Only one stretch of the data below is needed. Output the lines from the one with "토마토 주스로 스튜를 만든다고요? 집에 있는 재료만으로 도전!🍅" up to and including the one with "AC260 13V セット【川崎店】", exactly as they stand.
· · · ·
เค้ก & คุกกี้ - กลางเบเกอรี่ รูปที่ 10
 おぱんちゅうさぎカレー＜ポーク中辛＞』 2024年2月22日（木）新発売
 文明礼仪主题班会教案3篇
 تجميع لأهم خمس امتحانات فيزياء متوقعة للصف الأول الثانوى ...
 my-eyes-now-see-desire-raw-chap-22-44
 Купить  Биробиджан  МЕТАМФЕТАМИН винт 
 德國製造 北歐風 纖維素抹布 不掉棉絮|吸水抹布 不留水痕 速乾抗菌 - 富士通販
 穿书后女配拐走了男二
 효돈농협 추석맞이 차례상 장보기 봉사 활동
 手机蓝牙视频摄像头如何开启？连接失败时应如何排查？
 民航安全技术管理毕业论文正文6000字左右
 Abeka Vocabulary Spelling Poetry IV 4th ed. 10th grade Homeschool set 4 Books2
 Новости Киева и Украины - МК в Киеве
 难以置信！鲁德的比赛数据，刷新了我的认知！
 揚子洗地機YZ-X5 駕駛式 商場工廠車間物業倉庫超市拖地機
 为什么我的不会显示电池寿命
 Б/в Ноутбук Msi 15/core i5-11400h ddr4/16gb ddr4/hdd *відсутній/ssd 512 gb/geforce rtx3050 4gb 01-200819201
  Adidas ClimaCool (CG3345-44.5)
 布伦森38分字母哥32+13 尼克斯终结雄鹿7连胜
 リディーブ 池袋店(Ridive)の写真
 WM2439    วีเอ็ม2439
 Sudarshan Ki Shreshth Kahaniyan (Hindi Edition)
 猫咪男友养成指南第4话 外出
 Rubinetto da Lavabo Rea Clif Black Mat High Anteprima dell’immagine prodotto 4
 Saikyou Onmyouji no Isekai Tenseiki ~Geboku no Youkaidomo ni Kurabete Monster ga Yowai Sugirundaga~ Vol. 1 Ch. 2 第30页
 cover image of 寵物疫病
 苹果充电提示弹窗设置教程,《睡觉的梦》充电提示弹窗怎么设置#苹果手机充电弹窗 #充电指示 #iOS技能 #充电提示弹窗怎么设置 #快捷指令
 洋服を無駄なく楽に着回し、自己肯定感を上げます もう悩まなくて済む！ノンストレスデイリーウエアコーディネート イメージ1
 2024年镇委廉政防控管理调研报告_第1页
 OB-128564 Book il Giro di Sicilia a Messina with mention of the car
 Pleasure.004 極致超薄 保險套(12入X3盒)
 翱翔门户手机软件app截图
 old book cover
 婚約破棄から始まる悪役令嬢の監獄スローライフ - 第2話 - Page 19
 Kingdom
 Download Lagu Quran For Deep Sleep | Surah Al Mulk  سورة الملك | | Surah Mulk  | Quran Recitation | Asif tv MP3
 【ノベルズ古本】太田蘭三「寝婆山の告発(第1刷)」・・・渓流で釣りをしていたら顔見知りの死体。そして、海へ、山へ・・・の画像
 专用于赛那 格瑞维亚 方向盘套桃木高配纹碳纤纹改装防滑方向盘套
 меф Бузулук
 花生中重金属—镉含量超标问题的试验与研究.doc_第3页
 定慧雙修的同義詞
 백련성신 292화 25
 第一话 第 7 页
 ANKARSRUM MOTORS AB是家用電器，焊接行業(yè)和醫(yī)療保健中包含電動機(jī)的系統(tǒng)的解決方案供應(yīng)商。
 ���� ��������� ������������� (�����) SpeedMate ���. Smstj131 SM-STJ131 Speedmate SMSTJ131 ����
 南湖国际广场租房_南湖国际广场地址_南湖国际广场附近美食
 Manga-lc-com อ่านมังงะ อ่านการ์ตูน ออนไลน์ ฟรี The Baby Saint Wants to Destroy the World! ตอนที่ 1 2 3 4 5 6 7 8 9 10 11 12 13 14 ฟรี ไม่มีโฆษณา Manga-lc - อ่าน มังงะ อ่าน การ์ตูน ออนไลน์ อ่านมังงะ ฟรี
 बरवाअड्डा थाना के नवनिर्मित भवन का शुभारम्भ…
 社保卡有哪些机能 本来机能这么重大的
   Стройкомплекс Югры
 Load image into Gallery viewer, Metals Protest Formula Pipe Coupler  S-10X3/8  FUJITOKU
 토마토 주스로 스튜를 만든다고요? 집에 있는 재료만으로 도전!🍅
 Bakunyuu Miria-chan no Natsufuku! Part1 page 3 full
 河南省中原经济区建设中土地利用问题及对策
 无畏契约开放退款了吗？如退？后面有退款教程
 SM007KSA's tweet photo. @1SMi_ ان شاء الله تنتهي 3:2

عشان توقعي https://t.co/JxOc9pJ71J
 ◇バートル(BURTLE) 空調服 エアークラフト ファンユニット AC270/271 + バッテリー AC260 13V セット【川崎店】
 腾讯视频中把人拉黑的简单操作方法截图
· · · ·
▶ **TASK ANSWER**:
 토마토 주스로 스튜를 만든다고요? 집에 있는 재료만으로 도전!🍅
 Bakunyuu Miria-chan no Natsufuku! Part1 page 3 full
 河南省中原经济区建设中土地利用问题及对策
 无畏契约开放退款了吗？如退？后面有退款教程
 SM007KSA's tweet photo. @1SMi_ ان شاء الله تنتهي 3:2

عشان توقعي https://t.co/JxOc9pJ71J
 ◇バートル(BURTLE) 空調服 エアークラフト ファンユニット AC270/271 + バッテリー AC260 13V セット【川崎店】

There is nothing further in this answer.